Mel,

The answer depends on whether or not you define "zero beat" correctly - which is to tune in the signal to the same pitch as your SPOT tone.

In other words, your statement "match my K3 frequency to his" is not sufficiently informative. It all depends on how you match his frequency. What the dial says on his transceiver is not relevant, the only thing important is what you are hearing.

Would it not be better (and easier) for you to change the PITCH of your SPOT tone to the pitch you like to hear? That means there is no need to use RIT most of the time - if you tune the incoming signal to that same tone, you will be on the same frequency. The K3 then uses that pitch as the center of the filter passband (unless SHIFT is set somewhere other than default) and is the pitch used for zero beating.

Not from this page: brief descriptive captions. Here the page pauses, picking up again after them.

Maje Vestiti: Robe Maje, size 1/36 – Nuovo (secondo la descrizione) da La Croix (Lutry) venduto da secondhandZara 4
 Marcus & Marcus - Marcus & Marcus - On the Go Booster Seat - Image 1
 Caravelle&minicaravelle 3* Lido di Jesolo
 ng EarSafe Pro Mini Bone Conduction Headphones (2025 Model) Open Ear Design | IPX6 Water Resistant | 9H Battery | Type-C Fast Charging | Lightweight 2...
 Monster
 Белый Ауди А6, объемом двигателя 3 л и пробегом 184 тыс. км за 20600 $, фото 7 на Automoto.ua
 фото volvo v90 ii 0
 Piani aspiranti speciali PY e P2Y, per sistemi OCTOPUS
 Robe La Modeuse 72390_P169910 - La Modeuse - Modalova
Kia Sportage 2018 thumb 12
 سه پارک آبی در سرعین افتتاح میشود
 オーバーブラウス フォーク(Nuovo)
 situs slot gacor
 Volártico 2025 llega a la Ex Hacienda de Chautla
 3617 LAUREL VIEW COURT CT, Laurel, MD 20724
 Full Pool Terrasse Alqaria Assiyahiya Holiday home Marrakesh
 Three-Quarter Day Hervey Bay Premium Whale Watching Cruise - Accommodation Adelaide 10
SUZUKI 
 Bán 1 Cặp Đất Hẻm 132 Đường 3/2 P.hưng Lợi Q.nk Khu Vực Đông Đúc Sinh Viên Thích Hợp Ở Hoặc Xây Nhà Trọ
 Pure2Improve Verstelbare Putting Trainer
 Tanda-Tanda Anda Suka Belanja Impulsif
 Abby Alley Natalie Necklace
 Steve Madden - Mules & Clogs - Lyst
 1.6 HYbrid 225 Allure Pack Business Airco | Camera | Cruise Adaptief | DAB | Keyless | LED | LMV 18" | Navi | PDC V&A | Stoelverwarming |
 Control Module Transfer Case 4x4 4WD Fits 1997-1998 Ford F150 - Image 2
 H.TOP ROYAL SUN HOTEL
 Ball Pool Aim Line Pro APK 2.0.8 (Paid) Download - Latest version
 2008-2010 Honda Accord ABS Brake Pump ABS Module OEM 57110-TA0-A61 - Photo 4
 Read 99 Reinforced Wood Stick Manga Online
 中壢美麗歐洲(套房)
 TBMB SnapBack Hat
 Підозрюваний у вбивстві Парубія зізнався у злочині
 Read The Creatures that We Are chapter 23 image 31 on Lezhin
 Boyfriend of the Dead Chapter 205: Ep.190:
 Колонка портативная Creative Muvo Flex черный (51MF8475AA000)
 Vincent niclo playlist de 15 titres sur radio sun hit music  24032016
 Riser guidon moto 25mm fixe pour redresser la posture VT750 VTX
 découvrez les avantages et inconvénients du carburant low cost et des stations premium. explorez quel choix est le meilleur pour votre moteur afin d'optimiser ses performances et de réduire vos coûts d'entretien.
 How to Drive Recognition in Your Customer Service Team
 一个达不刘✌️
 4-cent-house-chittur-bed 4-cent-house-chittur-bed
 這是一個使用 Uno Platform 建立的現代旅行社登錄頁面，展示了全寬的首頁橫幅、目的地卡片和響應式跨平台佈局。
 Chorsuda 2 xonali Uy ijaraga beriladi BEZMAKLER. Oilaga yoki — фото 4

The normal use of RIT is when you have called CQ and a station comes back to you not exactly on your transmit frequency - RIT can then be used to tune that station in and not create a situation where the QSO "walks up the band" with each transmission - your TX frequency stays put and the other station's TX frequency also stays put.

73,
Don W3FPR

On 4/9/2017 7:04 PM, Mel Farrer wrote:
Good question Don, Check out on this. If the sending station is tuned in to a zero beat that is I match my K3 frequency to his, then turn on the RIT to get a pitch I like. Doesn't that make my Tx signal the same as his?